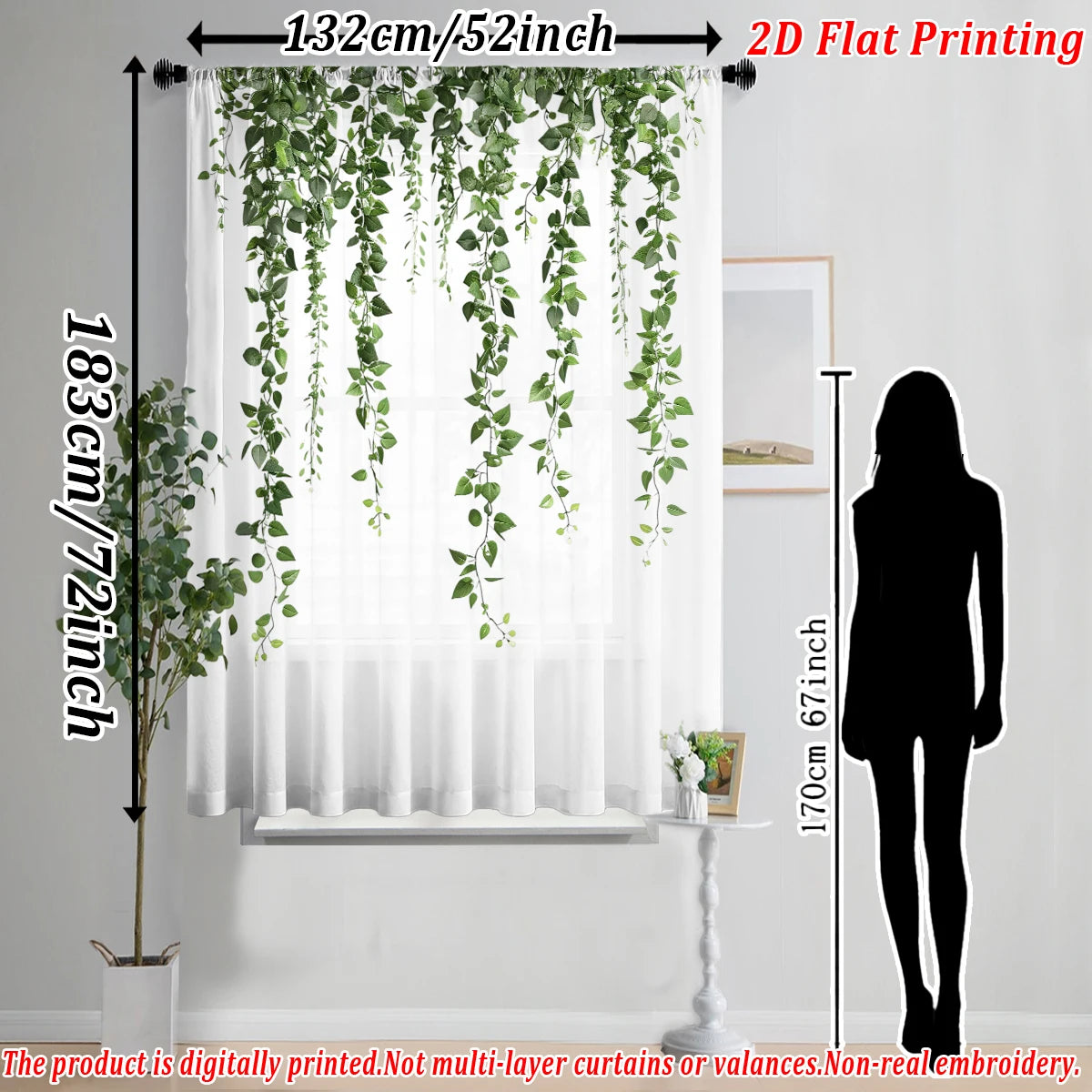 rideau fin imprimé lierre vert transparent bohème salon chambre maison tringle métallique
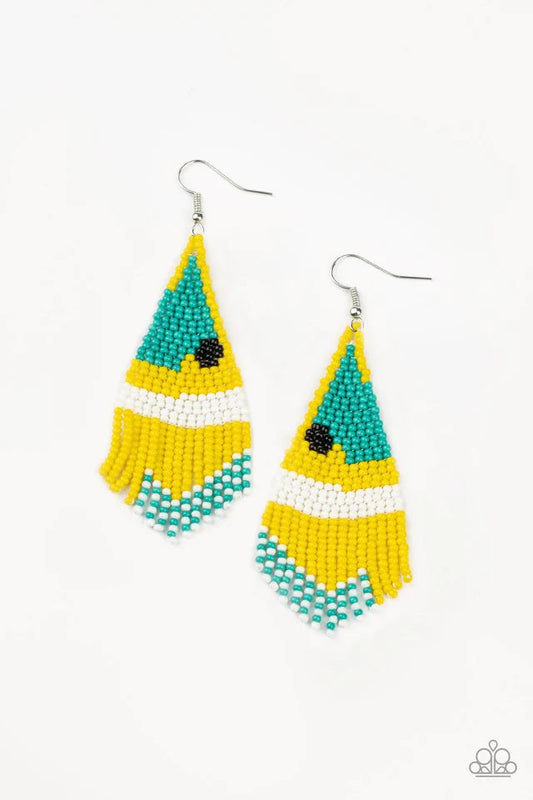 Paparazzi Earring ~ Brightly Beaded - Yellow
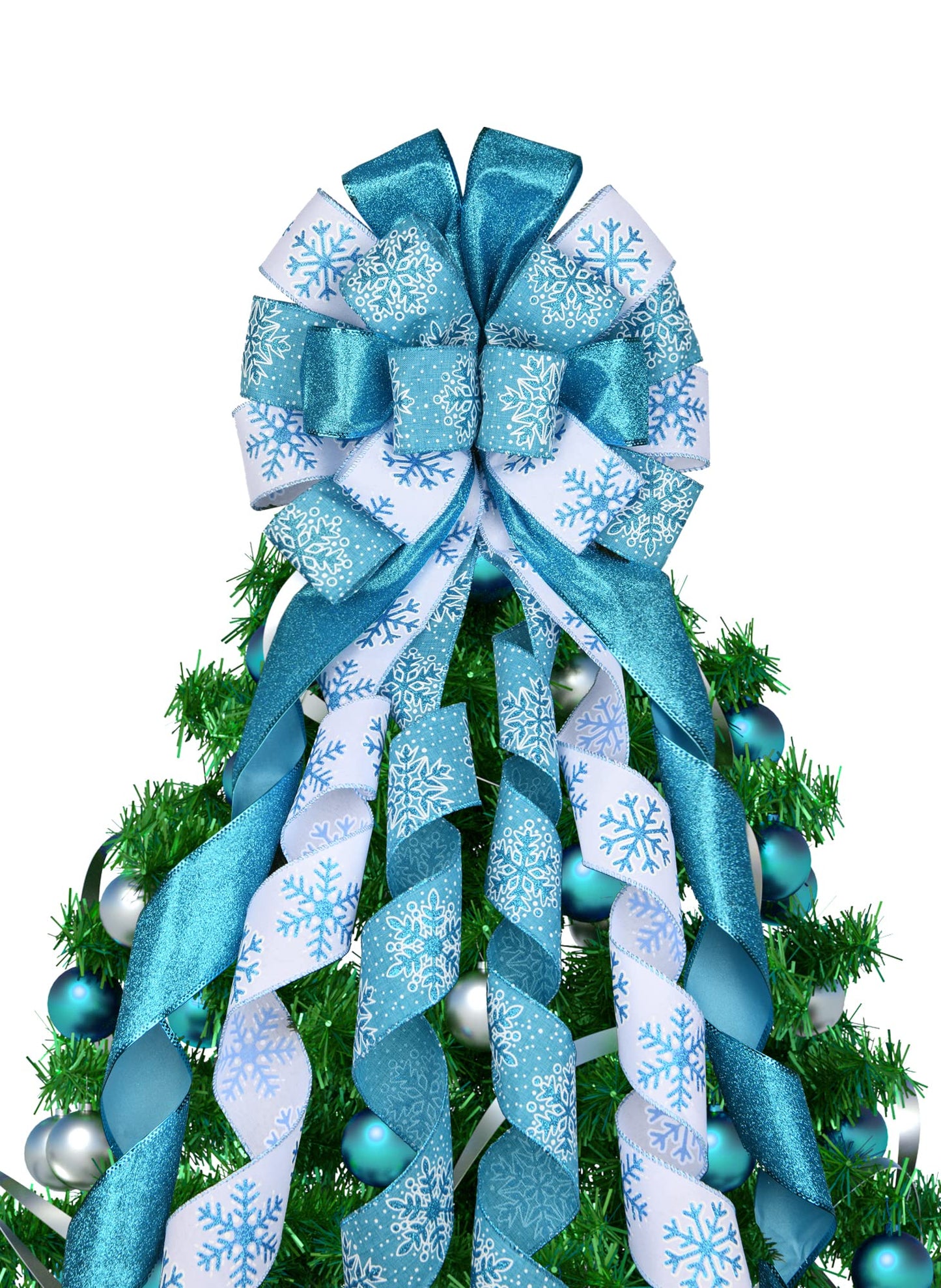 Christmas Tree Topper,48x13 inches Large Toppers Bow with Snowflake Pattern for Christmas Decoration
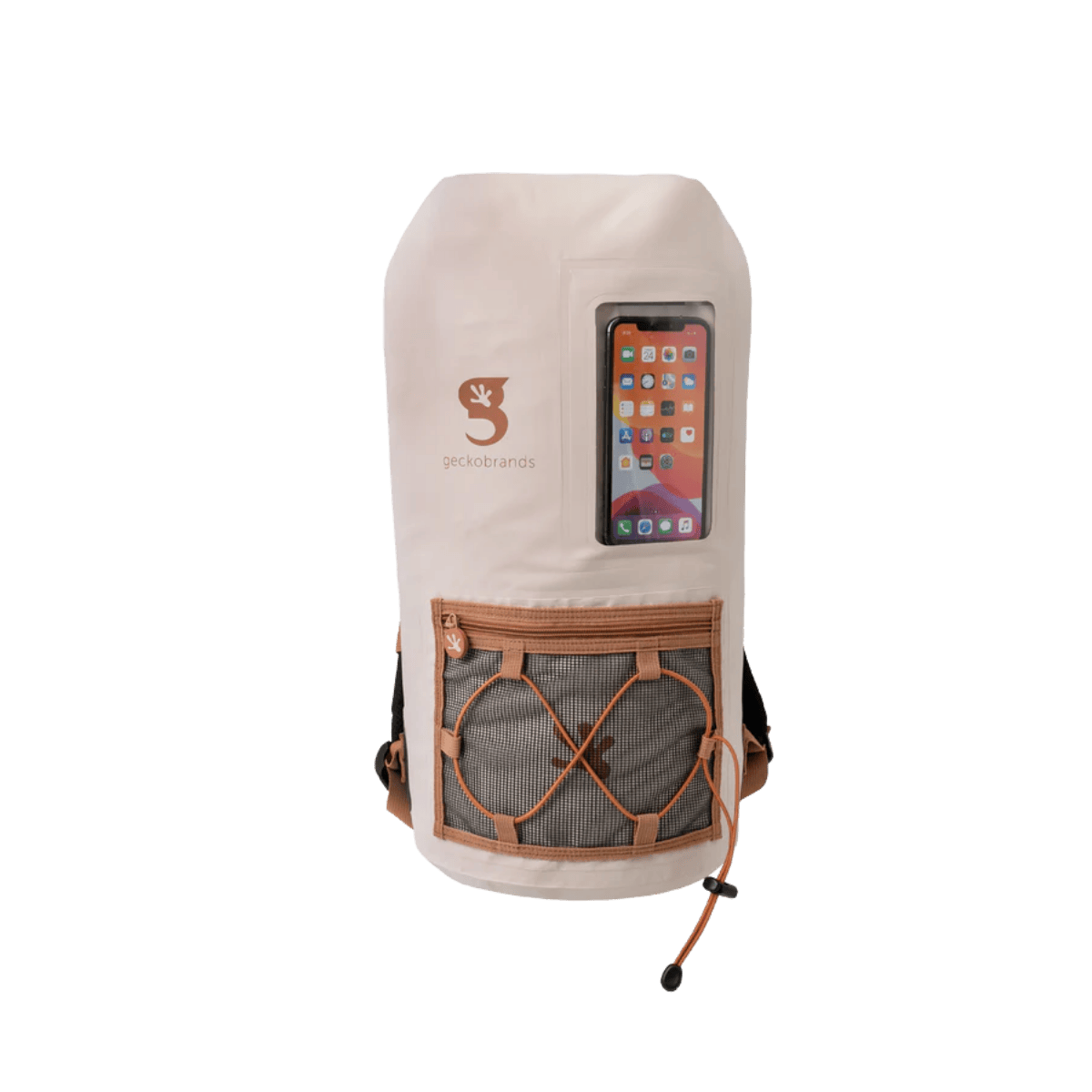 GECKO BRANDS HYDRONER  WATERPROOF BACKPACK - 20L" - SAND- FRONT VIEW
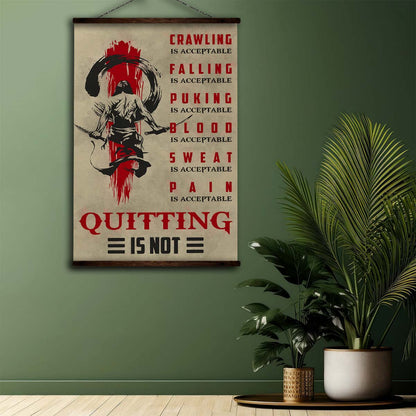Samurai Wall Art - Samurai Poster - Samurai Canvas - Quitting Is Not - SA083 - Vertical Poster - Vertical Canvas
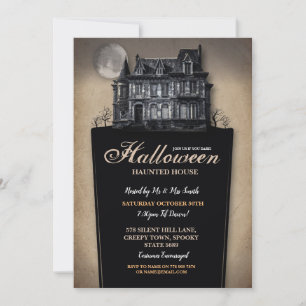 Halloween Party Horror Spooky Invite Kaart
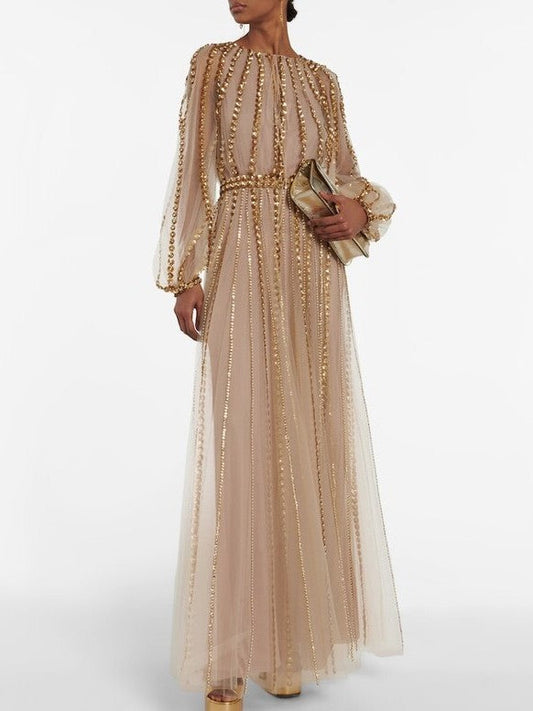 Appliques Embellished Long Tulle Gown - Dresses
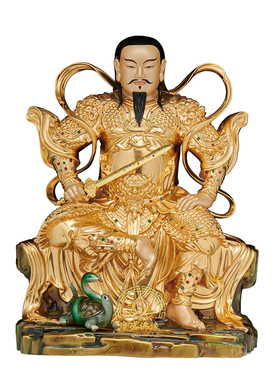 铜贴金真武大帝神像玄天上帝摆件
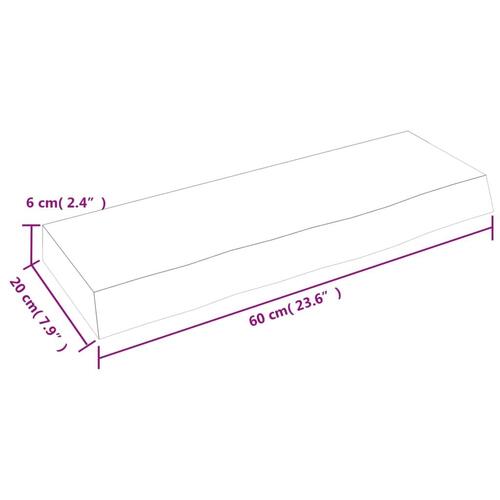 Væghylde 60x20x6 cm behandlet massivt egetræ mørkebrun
################
ABOUT THIS TASK — Copy the listing above exactly, but only from the line with "GECKO BRANDS HYDRONER" through the line with "Appliques Embellished Long", including those two lines and excluding any picture.

SOLVED PROBLEM —
 GECKO BRANDS HYDRONER  WATERPROOF BACKPACK - 20L" - SAND- FRONT VIEW
Samurai Wall Art - Samurai Poster - Samurai Canvas - Quitting Is Not - SA083 - Vertical Poster - Vertical Canvas
 Halloween Party Horror Spooky Invite Kaart
 Appliques Embellished Long Tulle Gown - Dresses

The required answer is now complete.